Veterinarians also need to be aware of “second-career” racehorses showing up in their practices. It’s also possible that a warmblood was imported illegally in the past and current owners don’t know that.
That’s why Schneider said testing for EIA and piroplasmosis is so important.
Episode 86 Podcast Highlights
Schneider said Dr. Emily Schaefer gave her own step-by-step process for an equine neurologic exam in this podcast. “She described nose-to-tail what she does and what’s abnormal,” she said.
Schneider reminded veterinarians that a neurologic exam is a subjective test. She said veterinarians worry about “missing something” in those exams.
(Editor’s note: At the time of this writing, multiple horses had been made ill or had died from a possible botulism outbreak linked back to hay cubed. Just a reminder that there are many causes of neurologic clinical signs.)

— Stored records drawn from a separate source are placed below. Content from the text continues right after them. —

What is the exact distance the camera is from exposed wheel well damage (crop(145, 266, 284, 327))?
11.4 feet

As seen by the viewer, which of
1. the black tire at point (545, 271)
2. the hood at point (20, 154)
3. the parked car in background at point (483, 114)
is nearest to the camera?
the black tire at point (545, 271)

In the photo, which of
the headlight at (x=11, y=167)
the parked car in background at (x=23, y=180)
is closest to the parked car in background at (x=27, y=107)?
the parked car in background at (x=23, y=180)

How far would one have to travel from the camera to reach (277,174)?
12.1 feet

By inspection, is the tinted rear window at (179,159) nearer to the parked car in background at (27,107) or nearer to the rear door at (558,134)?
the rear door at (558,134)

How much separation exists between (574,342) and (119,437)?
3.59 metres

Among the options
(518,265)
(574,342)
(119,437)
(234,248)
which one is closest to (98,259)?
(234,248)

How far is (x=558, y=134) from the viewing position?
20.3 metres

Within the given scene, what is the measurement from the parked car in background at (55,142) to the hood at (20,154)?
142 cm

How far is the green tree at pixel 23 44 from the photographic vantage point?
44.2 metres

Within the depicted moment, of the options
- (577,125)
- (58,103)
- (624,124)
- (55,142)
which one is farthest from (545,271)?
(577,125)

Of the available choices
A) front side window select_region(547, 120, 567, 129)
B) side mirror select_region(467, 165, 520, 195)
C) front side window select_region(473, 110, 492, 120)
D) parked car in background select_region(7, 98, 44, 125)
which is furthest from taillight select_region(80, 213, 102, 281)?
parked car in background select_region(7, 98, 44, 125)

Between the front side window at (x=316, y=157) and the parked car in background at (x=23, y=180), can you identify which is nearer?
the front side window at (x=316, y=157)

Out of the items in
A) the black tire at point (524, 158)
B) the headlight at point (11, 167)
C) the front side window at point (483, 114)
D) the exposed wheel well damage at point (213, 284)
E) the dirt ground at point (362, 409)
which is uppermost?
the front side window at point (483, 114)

Episode 92 Podcast Highlights
“Most vets have the majority of their caseloads as horses,” said Schneider. That made this podcast even more important for the veterinarian who has the occasional exposure to mules and donkeys in practice.
Schneider said she thought Dr. Amy McLean did a great job of describing how mules and donkeys are different from horses, and each other…”especially in behavior.” Schneider said the first meeting with a donkey or especially a mule can make or break how the rest of the interactions go between the veterinarian and the animal.

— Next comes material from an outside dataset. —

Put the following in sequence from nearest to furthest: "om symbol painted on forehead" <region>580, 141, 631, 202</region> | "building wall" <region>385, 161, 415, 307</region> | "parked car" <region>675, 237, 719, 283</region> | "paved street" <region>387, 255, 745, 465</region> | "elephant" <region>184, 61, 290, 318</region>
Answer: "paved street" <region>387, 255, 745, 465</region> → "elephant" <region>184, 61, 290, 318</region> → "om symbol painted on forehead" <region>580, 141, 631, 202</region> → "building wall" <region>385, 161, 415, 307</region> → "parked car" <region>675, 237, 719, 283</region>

In the podcast McLean said, ““Mules are different, and donkeys are even more different. Their behavior is different from a horse. A horse is more forgiving. Donkeys and mules are more cognitive…that’s been proven by research. They are extremely cautious. They seem to ask, ‘Why do I need to do this?’ So you have to work with them and not try to be dominate”
Episode 96 Podcast Highlights
Schneider said Dr. Knottenbelt provided a wealth of knowledge in this podcast on equine sarcoids. “He has so much experience working with a tough disease,” she said. “And he’s the premiere expert on sarcoids.”
Schneider said on forums where veterinarians talk to other veterinarians, the topic of sarcoids comes up often.
“We’ve all had bad experiences with sarcoids,” she said. “No one treatment will take care of them all.”
Schneider reminded the audience that sarcoids are cancer.
About Dr. Chrissy Schneider
Chrissy Schneider, DVM, DABVP (Equine), left private practice to join Merck Animal Health as an Equine Professional Services Veterinarian. Dr. Schneider graduated from The Ohio State University’s College of Veterinary Medicine in 2009, then completed an internship at Wisconsin Equine. She returned to Ohio State for a combined residency/Master’s program, and in 2013 she earned her Master’s degree in Veterinary Science and became a Diplomate of the American Board of Veterinary Practitioners, specializing in Equine Practice. She then joined Bella Vista Equine, a private practice in the Columbus, Ohio, area, where her primary interests and duties included managing their Preventive Care and Wellness Program.